Having attended Westminster for eight decades, Love sees dachshunds differently than the rest of us. We may look at a young male and see a poorly designed suspension bridge. “I look for tone and balance,” Love says. “Psyche is practically a poster child for correct dachshund type—the one etched in the walls of the pyramids in Egypt’s 12th dynasty.”
    
Love’s own pedigree is impeccable. Her socialite mother was a Guggenheim; her stockbroker father claimed descent from Alexander Hamilton and King George IV. Young Iris was brought up in a Manhattan whitestone with a boxer, a Scottie, a French poodle, a Great Dane, a miniature pinscher, and 12 Skye terriers, the oldest of which was a bitch named Fingal. “One of Fingal’s sons married her,” Love says. “I wanted to call him Oedipus Rex.”

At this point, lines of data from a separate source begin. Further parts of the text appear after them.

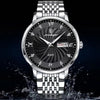 Rhinestone Inlay Dial with Stainless Steel Luminous Watch for Men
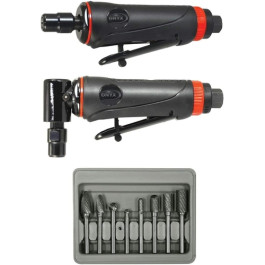 Astro Pneumatic 219 Onyx 3pc Die Grinder Kit, Includes 90° Die Grinder, Straight Die Grinder, 8pc Carbide Burr Set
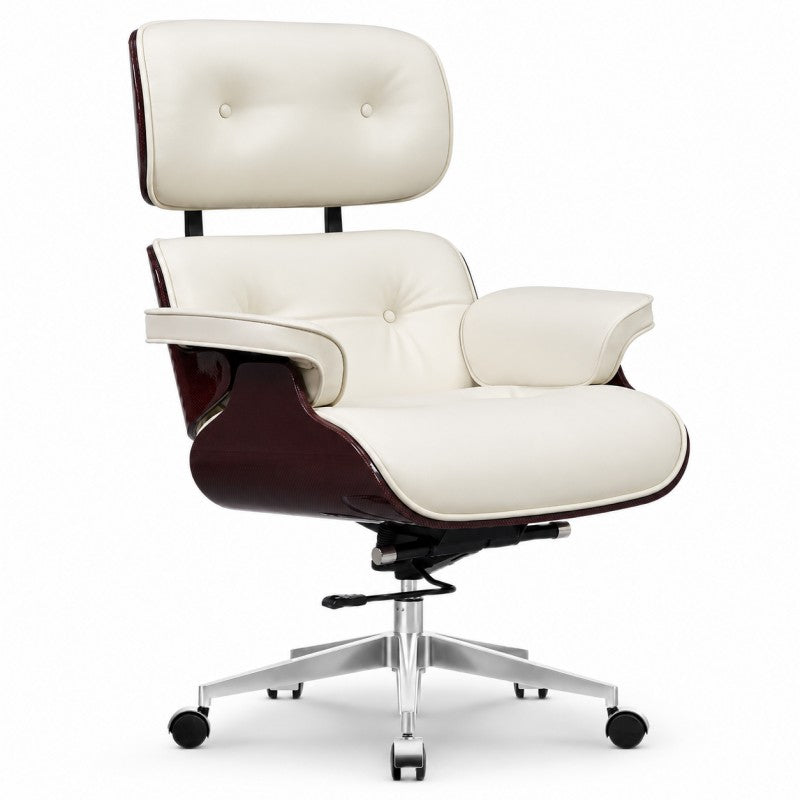 White Swivel Lounge Office Chair – Carbon Fiber Shell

Love adopted her first dachshund from the A.S.P.C.A. and named him Baron Heinrich Schulz von Kraus. “Many Europeans of doubtful descent add a title to their names,” she explains. “I thought, Why not a dachshund?”
    
A lover of doggerel who laps up high-toned dog-show chitchat, Love speaks six languages—seven, if you include dachshund. “I’m a Trekkie,” she says. “I’m always trying to mind-meld with my dachshunds.” She almost always wears blue—the color the ancients wore to ward off evil spirits—and an air of perpetual wonder.
    
Her archaeological accomplishments range from the discovery of the base of the Winged Victory of Samothrace to the unearthing of the lost temple of Aphrodite Euploia, at Knidos, Turkey. When Love was excavating the Knidos ruins in the 1970s, her dachshies Carlino and Phyrne served as assistants, burrowing down holes with tape measures fastened to their collars. “Carlino was Phryne’s half brother,” she reports. “They bred in a Ptolemaic fashion.”
    
Carlino and Phryne were descendants of Cracker Jack, the only dachshund ever to win the hound group at Westminster two years in a row. Though Phryne never showed, her daughter, Liz the Lion-Hearted, turned pro in 1987 and won the puppy division of her very first event, the prestigious Knickerbocker Dachsund Specialty Show. Named for her co-owner, gossip columnist Liz Smith, the dog wowed Westminster in 1988, winning best of opposite in her breed.
    
Ever since, Love has taken over Tavern on the Green before the big show for a bash in honor of her breed. With its ice carvings of fire hydrants, dachshunds molded from chopped liver, and sparkling-water pooch bar, the Central Park soiree is the biggest doggie do in Manhattan. Love and her champs have shown up costumed as Egyptian deities, Roman emperors, and Indian chiefs (the dachshies came decked out in feathers and war paint, with bows and arrows strapped to their backs).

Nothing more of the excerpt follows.